I'm also wondering why we've had this code for years and only hit issues
now?
-Daniel
  
Daniel Vetter Jan. 6, 2023, 6:20 p.m. UTC | #6
On Fri, Jan 06, 2023 at 10:08:53AM -0800, Brian Norris wrote:
> Hi Daniel,
> 
> On Fri, Jan 06, 2023 at 06:53:49PM +0100, Daniel Vetter wrote:
> > On Thu, Jan 05, 2023 at 05:40:17PM -0800, Brian Norris wrote:
> > > The self-refresh helper framework overloads "disable" to sometimes mean
> > > "go into self-refresh mode," and this mode activates automatically
> > > (e.g., after some period of unchanging display output). In such cases,
> > > the display pipe is still considered "on", and user-space is not aware
> > > that we went into self-refresh mode. Thus, users may expect that
> > > vblank-related features (such as DRM_IOCTL_WAIT_VBLANK) still work
> > > properly.
> > > 
> > > However, we trigger the WARN_ONCE() here if a CRTC driver tries to leave
> > > vblank enabled here.
> > > 
> > > Add a new exception, such that we allow CRTCs to be "disabled" (with
> > > self-refresh active) with vblank interrupts still enabled.
> > > 
> > > Cc: <stable@vger.kernel.org> # dependency for subsequent patch
> > > Signed-off-by: Brian Norris <briannorris@chromium.org>
> > > ---
> > > 
> > >  drivers/gpu/drm/drm_atomic_helper.c | 6 ++++++
> > >  1 file changed, 6 insertions(+)
> > > 
> > > diff --git a/drivers/gpu/drm/drm_atomic_helper.c b/drivers/gpu/drm/drm_atomic_helper.c
> > > index d579fd8f7cb8..7b5eddadebd5 100644
> > > --- a/drivers/gpu/drm/drm_atomic_helper.c
> > > +++ b/drivers/gpu/drm/drm_atomic_helper.c
> > > @@ -1207,6 +1207,12 @@ disable_outputs(struct drm_device *dev, struct drm_atomic_state *old_state)
> > >  
> > >  		if (!drm_dev_has_vblank(dev))
> > >  			continue;
> > > +		/*
> > > +		 * Self-refresh is not a true "disable"; let vblank remain
> > > +		 * enabled.
> > > +		 */
> > > +		if (new_crtc_state->self_refresh_active)
> > > +			continue;
> > 
> > This very fishy, because we check in crtc_needs_disable whether this
> > output should stay on due to self-refresh. Which means you should never
> > end up in here.
> 
> That's not what crtc_needs_disable() does w.r.t. self-refresh. In fact,
> it's the opposite; see, for example, the
> |new_state->self_refresh_active| clause. That clause means that if we're
> entering self-refresh, we *intend* to disable (i.e., we return 'true').
> That's because like I mention above, the self-refresh helpers overload
> what "disable" means.
> 
> I'll also add my caveat again that I'm a bit new to DRM, so feel free to
> continue to correct me if I'm wrong :) Or perhaps Sean Paul could
> provide second opinions, as I believe he wrote this stuff.

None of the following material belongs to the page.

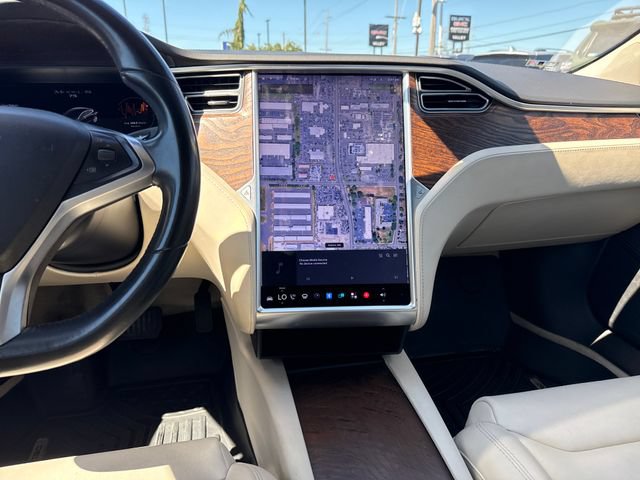Used 2017 Tesla Model S 60 RWD image 19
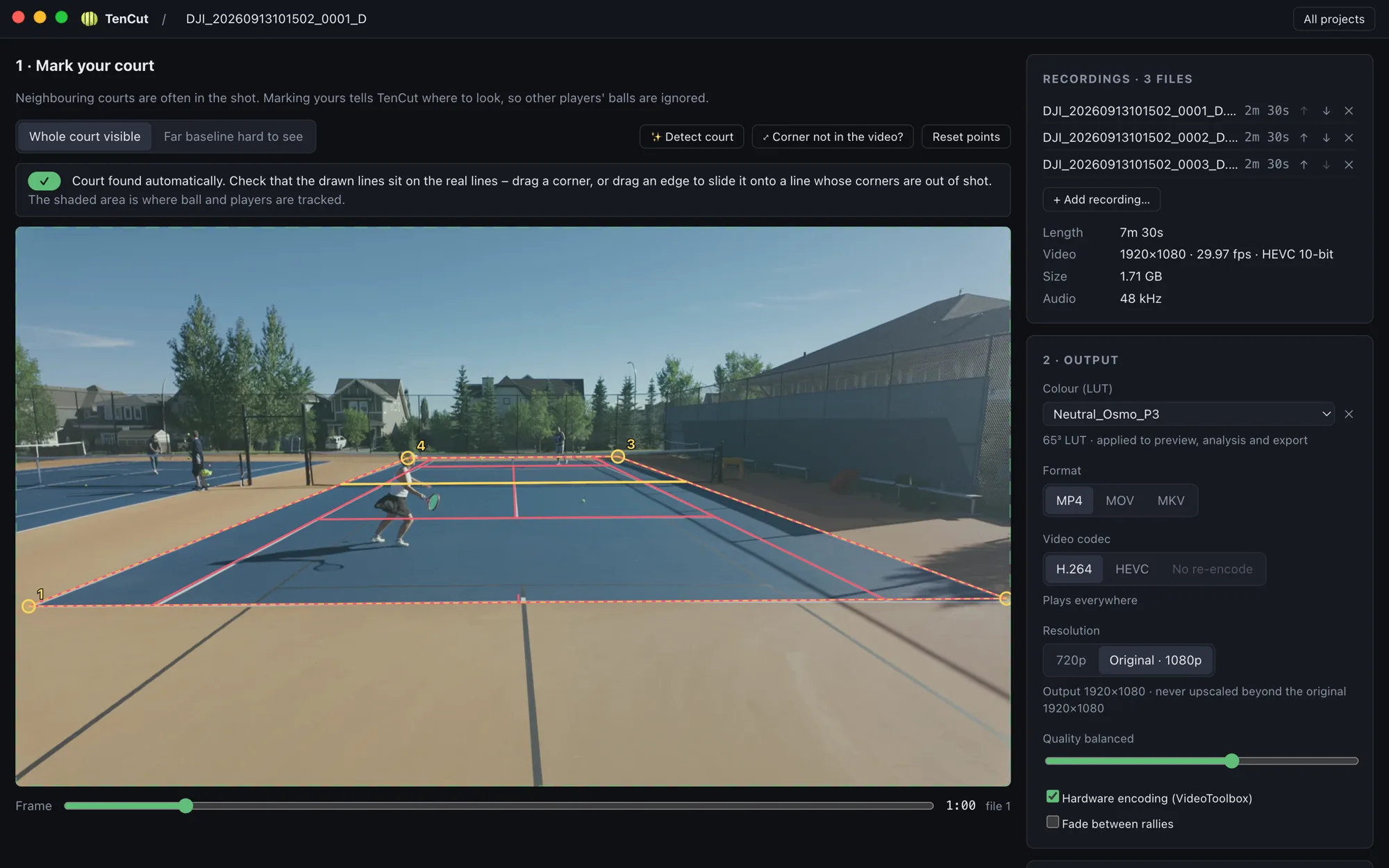 Court setup: the court found automatically and drawn over the video, with output settings on the right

I already replied in another thread with hopefully less nonsense from my
side :-)

> > And yes vblank better work in self refresh :-) If it doesn't, then you
> > need to fake it with a timer, that's at least what i915 has done for
> > transparent self-refresh.
> 
> OK! Then that sounds like it at least ACKs my general idea for this
> series. (Michel and I poked at a few ideas in the thread at [1] and
> landed on approx. this solution, or else a fake/timer like you suggest.)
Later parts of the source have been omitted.